Sudan’s Rapid Support Forces Seize Key City Babnusa Control

As Sudan’s Railway Cities Fall, Africa’s Largest Nation Fractures Along Its Own Lifelines

The RSF’s capture of Babnusa—a critical railway junction connecting Sudan’s fragmented regions—transforms what were once arteries of national unity into battle lines that may permanently divide Africa’s third-largest country.

The Strategic Calculus Behind Babnusa

The fall of Babnusa to the Rapid Support Forces (RSF) represents more than just another territorial gain in Sudan’s devastating civil war. This modest city in West Kordofan sits at the intersection of Sudan’s most vital railway lines—the aging but irreplaceable steel tracks that connect Kosti to Nyala and extend to Wau in South Sudan. For decades, these railways served as economic lifelines, carrying goods, grain, and people across Sudan’s vast interior. Now, they serve as strategic prizes in a conflict that has already claimed thousands of lives and displaced millions.

The RSF’s systematic capture of railway towns follows a clear pattern of economic warfare. By controlling Babnusa, the paramilitary force now dominates a critical chokepoint for supplies moving between Sudan’s agricultural heartland and its western regions. This mirrors their earlier seizures of key infrastructure across Darfur and Kordofan, suggesting a deliberate strategy to strangle the Sudanese Armed Forces (SAF) economically while building their own quasi-state apparatus.

The Human Cost of Strategic Victory

Local emergency committees paint a harrowing picture of Babnusa’s transformation from bustling railway town to ghost city. The mass exodus of civilians, fleeing to rural areas ill-equipped to handle such displacement, adds to Sudan’s spiraling humanitarian catastrophe. With over 10 million people already displaced nationwide—the world’s largest internal displacement crisis—the fall of Babnusa pushes even more Sudanese into precarious conditions just as the lean season approaches.
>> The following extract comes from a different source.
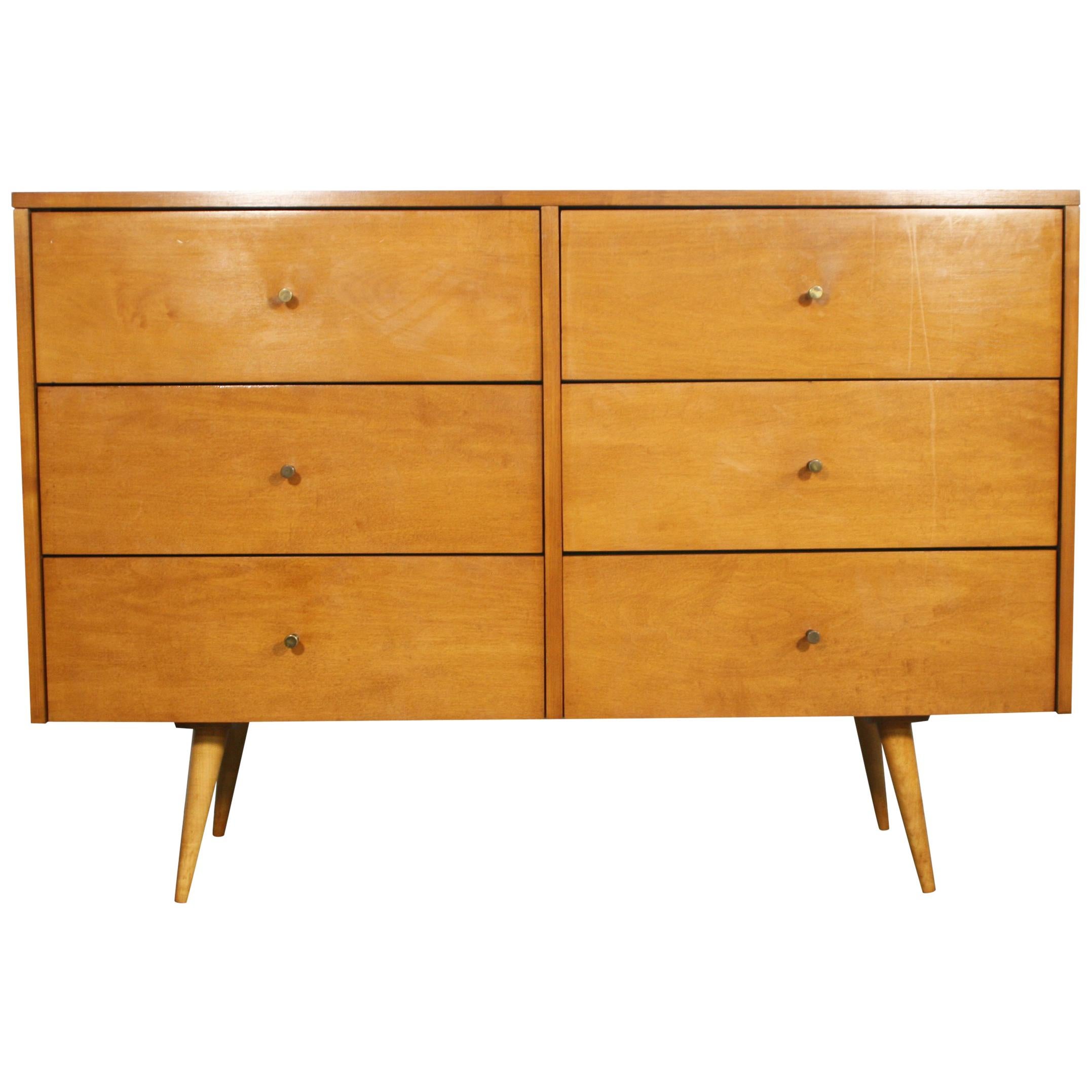 Midcentury Paul McCobb Six-Drawer Dresser Credenza #1509 Blonde Maple Brass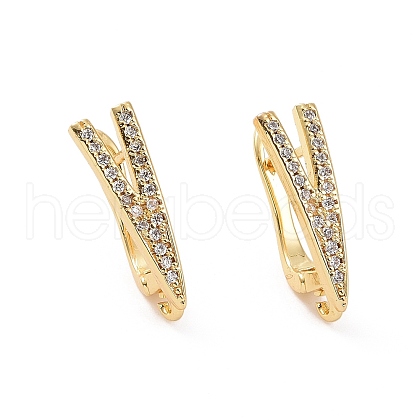 Brass Micro Pave Clear Cubic Zirconia Hoop Earring Findings with Latch Back Closure KK-D086-09G-1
The reported presence of SAF soldiers still trapped within the 22nd Division headquarters highlights the brutal nature of siege warfare in Sudan’s conflict. These prolonged urban battles, characterized by artillery bombardments and street-to-street fighting, have reduced entire neighborhoods to rubble across the country. The pattern witnessed in Babnusa—gradual military withdrawal followed by civilian flight—has become the tragic choreography of Sudan’s unraveling.

Infrastructure as Destiny

Sudan’s railways, built during the colonial era and expanded in the decades following independence, were meant to bind together a diverse nation spanning desert, savanna, and riverine regions. The irony that these same railways now serve as prizes in a fragmenting war speaks to a deeper crisis in Sudanese nation-building. As the RSF consolidates control over western supply routes while the SAF maintains its grip on the Nile corridor, Sudan risks a de facto partition along infrastructural lines.

This geographic division carries profound implications for Sudan’s future. The RSF’s control of resource-rich peripheral regions, combined with their dominance over cross-border trade routes, creates the foundation for a parallel economy. Meanwhile, the SAF’s control of the capital and Nile valley preserves the shell of state institutions but without access to much of the country’s wealth. This economic bifurcation may prove more decisive than any military victory in determining Sudan’s trajectory.

The International Dimension

The fall of Babnusa also underscores the international community’s failure to prevent Sudan’s slide into protracted conflict. Despite numerous diplomatic initiatives and ceasefire attempts, external actors have proven unable or unwilling to exert meaningful pressure on the warring parties. The city’s strategic position along routes to South Sudan adds a regional dimension to its capture, potentially affecting humanitarian and commercial flows to Sudan’s southern neighbor.

As Sudan’s infrastructure becomes increasingly militarized and its population increasingly displaced, the question facing policymakers is no longer how to restore the pre-war status quo, but rather how to prevent the complete dissolution of the Sudanese state. Will the international community watch as Africa’s third-largest nation fractures along the very railway lines that once promised to unite it, or will the fall of cities like Babnusa finally catalyze the serious diplomatic intervention that Sudan’s suffering millions desperately need?